◆ Exercise objective:
The copy you give must match the lines from the top of the data through the line containing "PTKG Men's Casual" exactly, and it must hold no pictures.
____ Given data
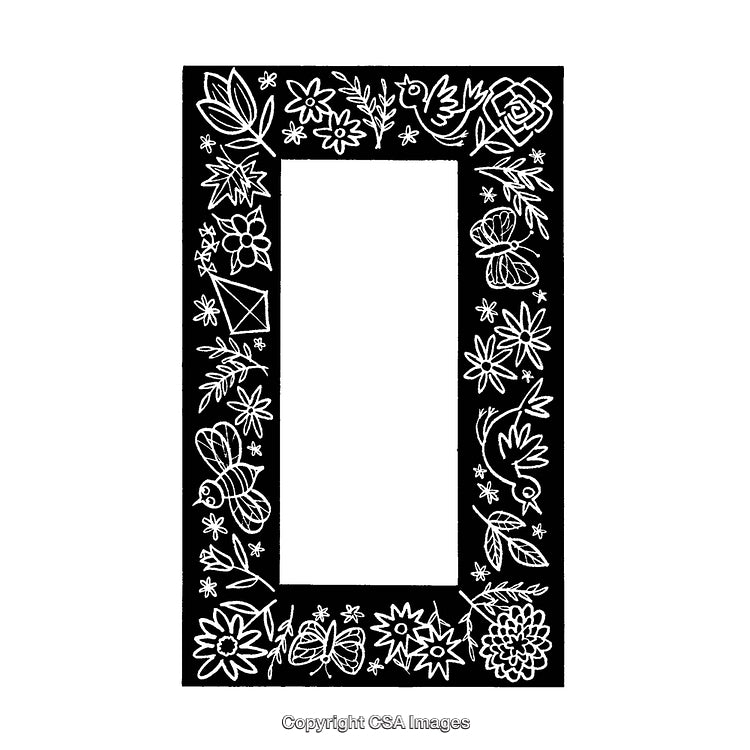 Black and White Decorative Border with Floral and Nature Motifs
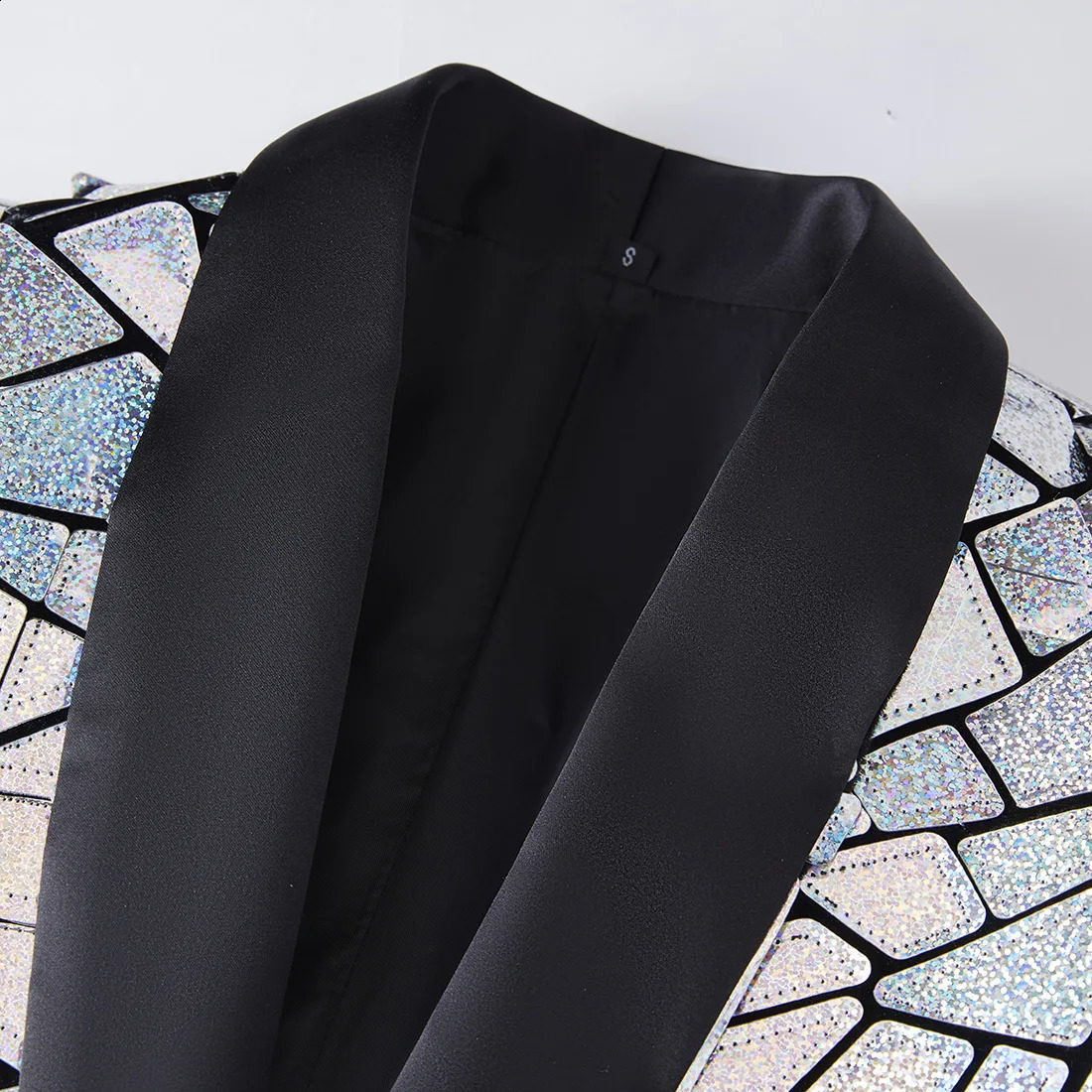 Glitter Silver Laser Mirror Blazer Coat Male Bar Nightclub Singer Stage Performance Sequin Suit Jacket Banquet Party Tuxedo 240805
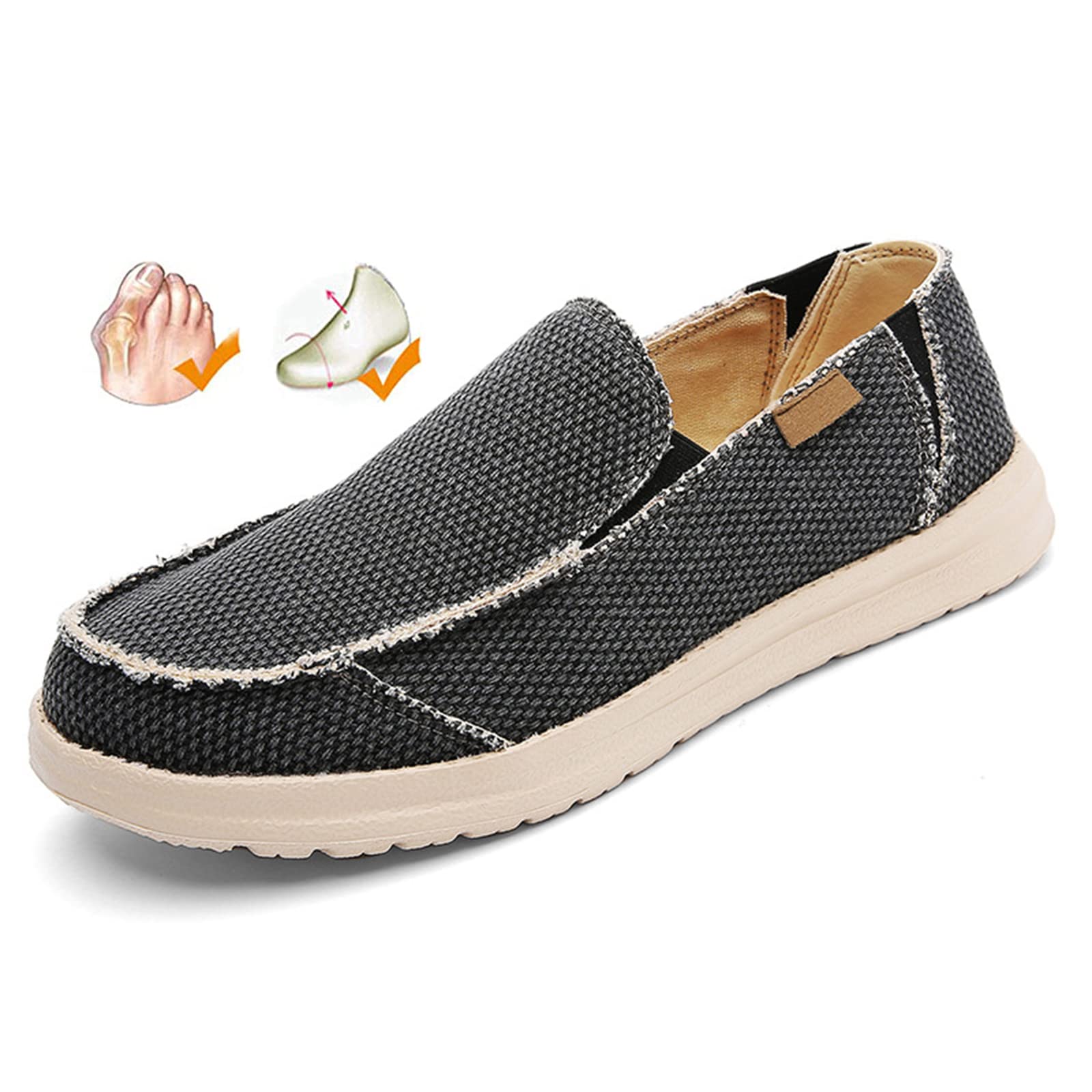 PTKG Men's Casual Canvas Shoes Lightweight Loafer Slip on Boat Footwear Wide Fit Sneakers for Swollen Feet Diabetic Breathable Outdoor Walking Loafers,black,44EU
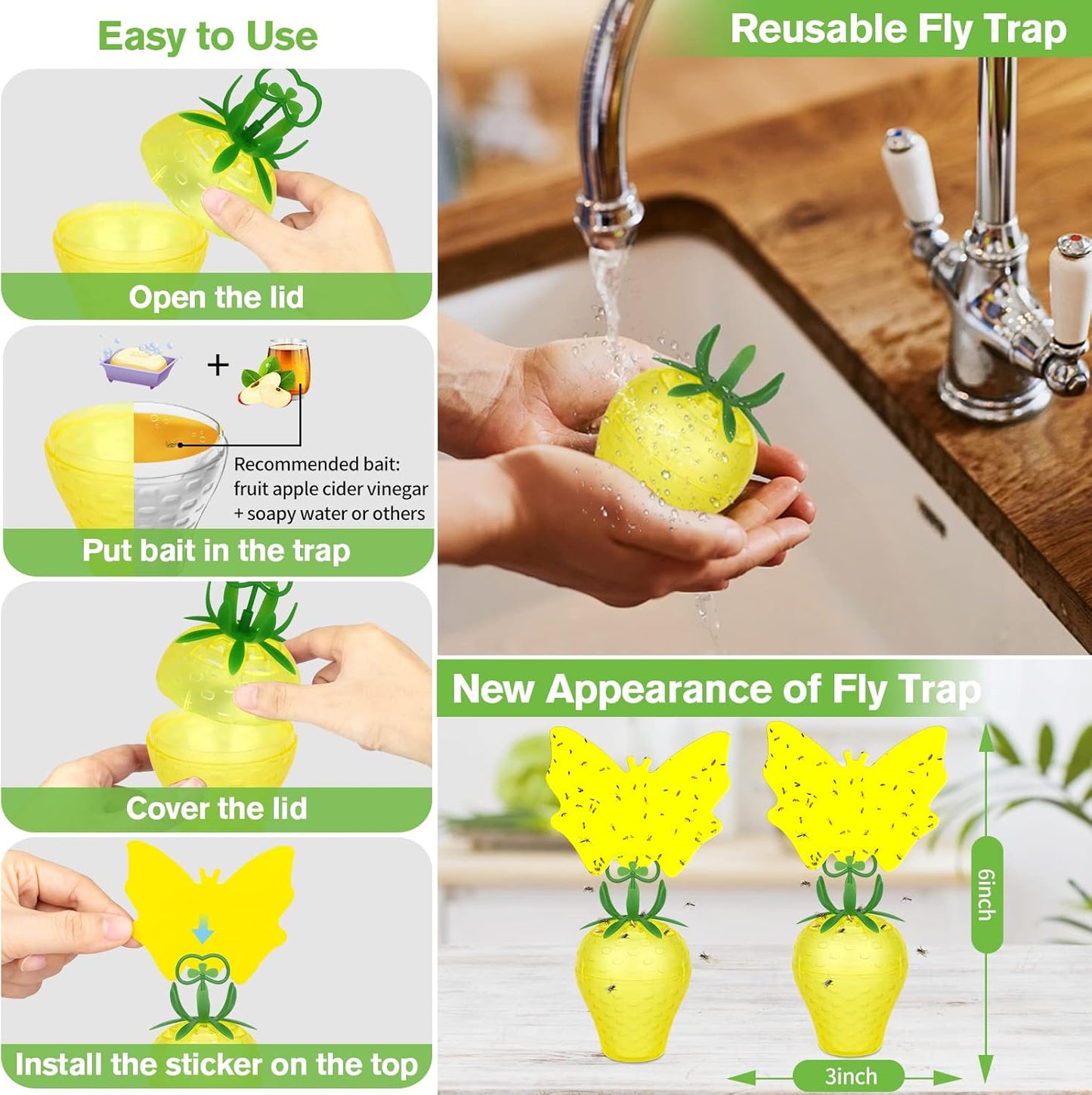 Fruit Fly Traps for Indoors, Gnat Killer Pet&People Safe, Effective Fruit Flies Catcher for Mosquitoes, Gnats, Moths, Durable Flying Insect Trap with Sticky for Home Plants Kitchen Garden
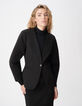 Veste de tailleur noire cintr&eacute;e d&eacute;coupes manches Femme-1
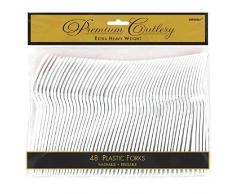 Amscan International 8010-08 - Forchette Pesanti, Confezione da 48, Colore: Bianco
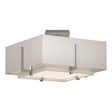 Hubbardton Forge 2014 Vintage Platinum Natural Anna Inner Shade & Flax Outer Shade Exos Square Small Double Shade Semi-Flush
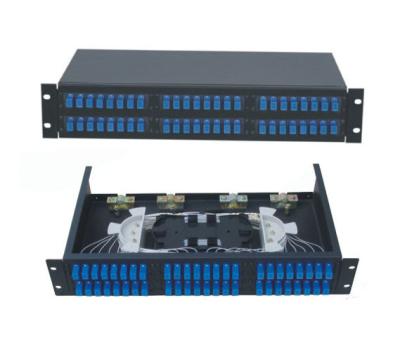 China 48 ports Rack-Mount  19'' 2U Fiber Optic Patch Panel for SC/UPC adapter terminal box black cold-roll steel sheet for sale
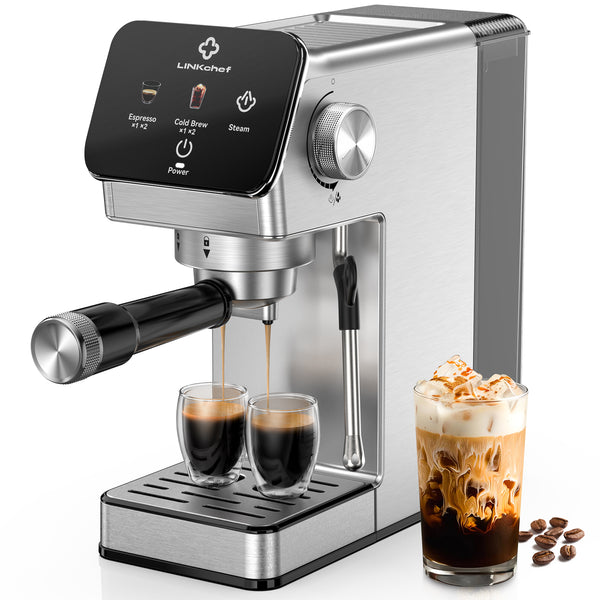 LINKChef Espresso Machine 20 Bar, Rapid Cold Brew, Professional Espresso Maker with Milk Frother Steam Wand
________
◆ Completed task:
 Black and White Decorative Border with Floral and Nature Motifs
 Glitter Silver Laser Mirror Blazer Coat Male Bar Nightclub Singer Stage Performance Sequin Suit Jacket Banquet Party Tuxedo 240805
 PTKG Men's Casual Canvas Shoes Lightweight Loafer Slip on Boat Footwear Wide Fit Sneakers for Swollen Feet Diabetic Breathable Outdoor Walking Loafers,black,44EU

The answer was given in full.